La gigantesque créature au plumage immaculée dépose son fardeau dans le sable, aux pieds de la femme qui l'observe avec attention. Elle s'incline ensuite avec respect, avant de reculer légèrement, de façon à laisser assez d'espace à Chloé pour qu'elle puisse revenir à elle.
Les cheveux de l'humaine qui se tient debout, aussi noirs que le jais, s'agitent autour de son sublime visage. Sa pâleur presque mortuaire contraste avec la teinte écarlate de sa bouche. Celle-ci s'étire en un sourire indéchiffrable pendant qu'elle s'accroupit à côté de l'enfant.
- Les tempêtes que provoque ton approche finiront par nous jouer de véritables tours, Lugia, voire par nous faire repérer. Enfin, tu as réussi à sauver mon futur glyphe eau, c'est le plus important.
Némésis repousse les mèches ténébreuses qui collent aux joues de Chloé. Elle dégage son nez, duquel aucun souffle ne s'échappe. Elle pose ensuite ses doigts au niveau de son poignet afin de mesurer le rythme de son pouls. Il bat faiblement, mais régulièrement. Ses bronches, quant à elle, sont gorgées d'eau.
- Pourquoi elle ? interrogea Lugia. Ce n'est qu'une enfant.
- Tout ce que j'ai mis en oeuvre avec Hélio a pour but d'assurer leur prise en main et leur formation le moment venu. J'espère qu'il se montrera à la hauteur de la tâche que je lui ai confiée.
- Es-tu certaine de pouvoir lui faire confiance ?
- C'est toujours moins risqué que de les garder avec moi, pour leur propre sécurité.
La déesse tend son bras devant elle, la paume tournée vers le ciel. Une sphère bleu aquatique s'y matérialise, pour s'illuminer aussitôt. Elle scintille d'un éclat qui ne fait que s'accentuer au fur et à mesure qu'il gagne en proximité avec la peau humide de Chloé.
La clarté de la boule lumineuse atteint son paroxysme juste avant d'être absorbée par l'organisme de la fillette. Némésis inspire avec satisfaction. Malgré le soin qu'elle porte désormais au choix des membres de sa Confrérie, elle redoute toujours une erreur de compatibilité entre les glyphes et les porteurs qu'elle leur sélectionne. Par chance, tout s'est encore déroulé à merveille.

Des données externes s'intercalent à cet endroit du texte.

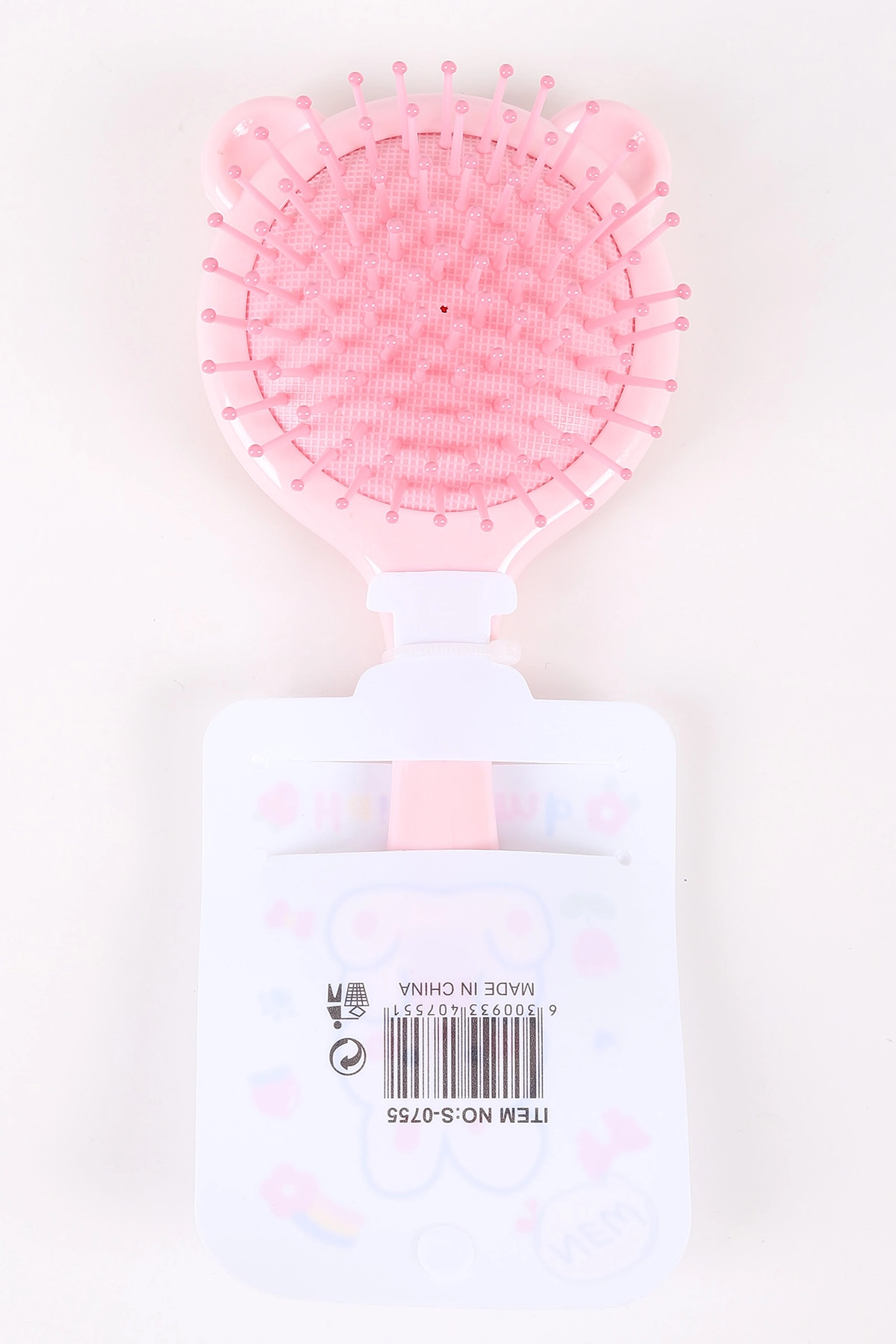 Pembe Figürlü ve Kabartmalı Çocuk Saç Tarağı 449714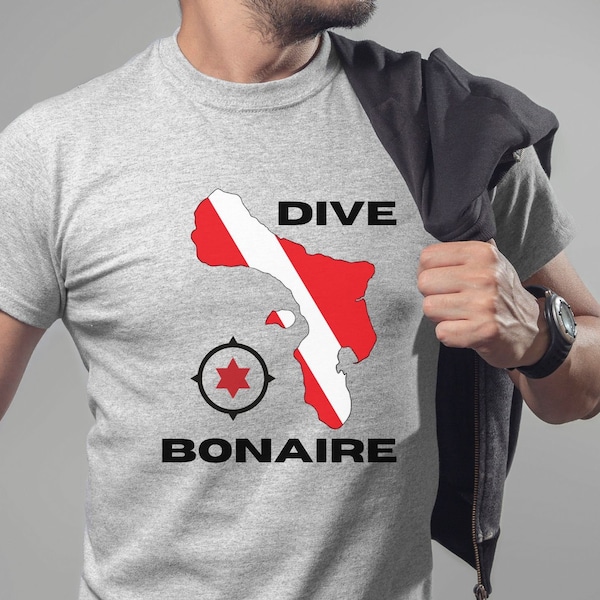 Scuba Shirt, Bonaire, Dive Mask, freediving, Diving T-Shirt, Diver gift, Gift for Scuba Diver, Scuba Diving, Freediver shirt, Snorkel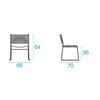 emu - Aero - Fauteuil lounge de jardin - dessin au trait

- Bonne chance, jeune Chloé, murmure-t-elle en se redressant. Tu es promise à un grand avenir. Fais confiance à l'eau, ne la redoute jamais. Elle sera ton arme et ta meilleure alliée. Tu pourras lui confier ta vie, elle s'en montrera digne.
***- Chloé !
Amanda crie le nom de sa soeur dès qu'elle aperçoit son corps inconscient échoué sur le rivage. Elle se précipite vers elle, pâle comme la mort. Le soleil, qui recommence à briller sur la baie rivamarine, ne suffit pas à donner quelque couleur à son visage blafard. Elle s'effondre dans le sable et parcourt à quatre pattes les derniers mètres qui la séparent d'elle.
- Clo ! Clo !
La jeune femme l'attrape par les épaules et la secoue violemment. Lorsqu'elle remarque qu'elle ne respire pas, elle se met à angoisser. Dans un élan de panique, elle martèle son buste musclé de coups de poing en pleurant. Les larmes s'écoulent pour rebondir sur le front de Chloé.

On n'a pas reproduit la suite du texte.